# A line segment has endpoints at (5 ,8 ) and (7 ,4). If the line segment is rotated about the origin by pi , translated horizontally by -1 , and reflected about the y-axis, what will the line segment's new endpoints be?

Jan 21, 2016

$\left(6 , - 8\right) , \left(8 , - 4\right)$

#### Explanation:

We can create a rule for this transformation.

Assume the original endpoints of the segment can be described as color(red)((x,y).

The first way in which the segment is manipulated is with a rotation of $\pi$, or ${180}^{\circ}$. This translates by taking the opposite of the $x$ and $y$ values of the point, or our new "rule" for this point in the transformation: color(red)((-x,-y)

The endpoints are then translated horizontally by $- 1$. Horizontal movement corresponds to the $x$ coordinate, whereas vertical corresponds to the $y$ coordinate. Since this has been horizontally shifted, the new rule, working off the most previous rule, is: color(red)((-x-1,-y)

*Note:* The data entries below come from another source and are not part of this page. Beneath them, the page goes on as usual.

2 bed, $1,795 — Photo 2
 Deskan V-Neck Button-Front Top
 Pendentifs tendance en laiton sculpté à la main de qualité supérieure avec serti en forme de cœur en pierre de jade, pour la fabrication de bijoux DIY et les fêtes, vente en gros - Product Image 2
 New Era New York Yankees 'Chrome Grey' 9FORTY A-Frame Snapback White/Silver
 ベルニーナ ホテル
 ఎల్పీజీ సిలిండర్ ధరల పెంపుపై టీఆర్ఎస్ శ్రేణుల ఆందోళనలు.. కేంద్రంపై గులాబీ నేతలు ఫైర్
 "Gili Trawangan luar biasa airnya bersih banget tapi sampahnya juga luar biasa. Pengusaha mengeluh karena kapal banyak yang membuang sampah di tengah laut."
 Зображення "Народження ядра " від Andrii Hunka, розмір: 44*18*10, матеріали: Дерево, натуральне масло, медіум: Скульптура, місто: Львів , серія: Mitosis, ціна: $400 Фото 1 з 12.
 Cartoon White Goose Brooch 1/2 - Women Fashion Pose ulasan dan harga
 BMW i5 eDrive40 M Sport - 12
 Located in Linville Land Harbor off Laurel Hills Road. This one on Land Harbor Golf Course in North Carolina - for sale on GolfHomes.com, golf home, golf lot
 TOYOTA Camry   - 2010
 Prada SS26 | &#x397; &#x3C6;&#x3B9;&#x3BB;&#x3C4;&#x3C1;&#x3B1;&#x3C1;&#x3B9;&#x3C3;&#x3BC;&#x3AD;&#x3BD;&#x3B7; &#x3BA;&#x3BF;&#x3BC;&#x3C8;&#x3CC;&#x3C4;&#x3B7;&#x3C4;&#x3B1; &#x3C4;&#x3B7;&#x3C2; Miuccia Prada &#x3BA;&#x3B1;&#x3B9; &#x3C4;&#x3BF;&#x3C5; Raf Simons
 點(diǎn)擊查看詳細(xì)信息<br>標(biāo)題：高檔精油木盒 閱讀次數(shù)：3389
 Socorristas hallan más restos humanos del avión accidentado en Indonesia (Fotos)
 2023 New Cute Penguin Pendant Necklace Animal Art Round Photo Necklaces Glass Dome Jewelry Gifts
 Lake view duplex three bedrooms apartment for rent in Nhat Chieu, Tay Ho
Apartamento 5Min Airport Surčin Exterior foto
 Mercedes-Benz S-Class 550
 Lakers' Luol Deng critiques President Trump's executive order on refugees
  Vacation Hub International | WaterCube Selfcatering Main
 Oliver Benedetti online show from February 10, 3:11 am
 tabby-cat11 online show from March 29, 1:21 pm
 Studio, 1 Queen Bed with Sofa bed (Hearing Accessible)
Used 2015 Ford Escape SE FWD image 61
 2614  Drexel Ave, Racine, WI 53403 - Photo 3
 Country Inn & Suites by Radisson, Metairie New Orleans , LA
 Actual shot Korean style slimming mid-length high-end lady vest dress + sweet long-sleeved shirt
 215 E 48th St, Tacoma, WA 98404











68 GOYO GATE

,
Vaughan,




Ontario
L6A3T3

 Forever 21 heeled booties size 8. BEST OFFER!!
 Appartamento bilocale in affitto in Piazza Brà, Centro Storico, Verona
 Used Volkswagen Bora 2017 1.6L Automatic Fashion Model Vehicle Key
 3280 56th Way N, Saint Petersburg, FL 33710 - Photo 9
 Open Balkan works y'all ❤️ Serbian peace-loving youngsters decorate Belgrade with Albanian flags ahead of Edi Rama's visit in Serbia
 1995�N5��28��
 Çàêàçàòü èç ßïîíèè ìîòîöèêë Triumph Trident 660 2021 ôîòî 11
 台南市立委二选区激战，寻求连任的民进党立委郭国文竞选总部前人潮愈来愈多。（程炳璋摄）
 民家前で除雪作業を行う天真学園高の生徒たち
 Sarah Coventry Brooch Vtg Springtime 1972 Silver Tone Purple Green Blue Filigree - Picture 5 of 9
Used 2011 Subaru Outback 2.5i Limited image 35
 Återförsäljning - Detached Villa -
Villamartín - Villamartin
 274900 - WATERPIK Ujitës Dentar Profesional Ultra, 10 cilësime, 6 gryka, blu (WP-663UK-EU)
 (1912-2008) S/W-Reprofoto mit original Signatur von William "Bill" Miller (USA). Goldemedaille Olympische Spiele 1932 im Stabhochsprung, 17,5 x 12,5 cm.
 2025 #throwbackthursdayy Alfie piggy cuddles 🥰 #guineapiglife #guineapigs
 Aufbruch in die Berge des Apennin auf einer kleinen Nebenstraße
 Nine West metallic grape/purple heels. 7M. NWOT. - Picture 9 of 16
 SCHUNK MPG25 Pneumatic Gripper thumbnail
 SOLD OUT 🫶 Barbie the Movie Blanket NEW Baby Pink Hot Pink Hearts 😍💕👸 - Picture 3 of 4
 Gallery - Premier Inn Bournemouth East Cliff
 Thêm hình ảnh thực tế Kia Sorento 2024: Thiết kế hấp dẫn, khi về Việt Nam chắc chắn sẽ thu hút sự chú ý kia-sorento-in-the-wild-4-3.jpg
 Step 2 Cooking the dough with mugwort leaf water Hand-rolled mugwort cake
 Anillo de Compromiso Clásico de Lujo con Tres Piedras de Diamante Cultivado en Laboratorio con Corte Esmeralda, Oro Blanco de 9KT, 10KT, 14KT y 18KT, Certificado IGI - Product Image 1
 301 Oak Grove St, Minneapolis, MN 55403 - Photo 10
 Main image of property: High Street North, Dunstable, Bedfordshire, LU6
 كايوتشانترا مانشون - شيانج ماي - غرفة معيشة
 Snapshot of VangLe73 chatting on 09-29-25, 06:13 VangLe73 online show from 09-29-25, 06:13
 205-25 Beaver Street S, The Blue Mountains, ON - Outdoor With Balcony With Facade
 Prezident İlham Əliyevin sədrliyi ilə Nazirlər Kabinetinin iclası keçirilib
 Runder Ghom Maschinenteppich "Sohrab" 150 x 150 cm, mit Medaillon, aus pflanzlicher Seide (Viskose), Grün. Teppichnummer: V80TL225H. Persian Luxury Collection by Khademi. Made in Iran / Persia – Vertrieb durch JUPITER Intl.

The final transformation is a reflection over the $y$ axis, which means that the $x$ coordinate's sign is flipped: color(red)((x+1,-y)

This is the rule for the entire transformation. Apply it to the points $\left(5 , 8\right)$ and $\left(7 , 4\right)$.

$\left(5 , 8\right) \rightarrow \left(6 , - 8\right)$

$\left(7 , 4\right) \rightarrow \left(8 , - 4\right)$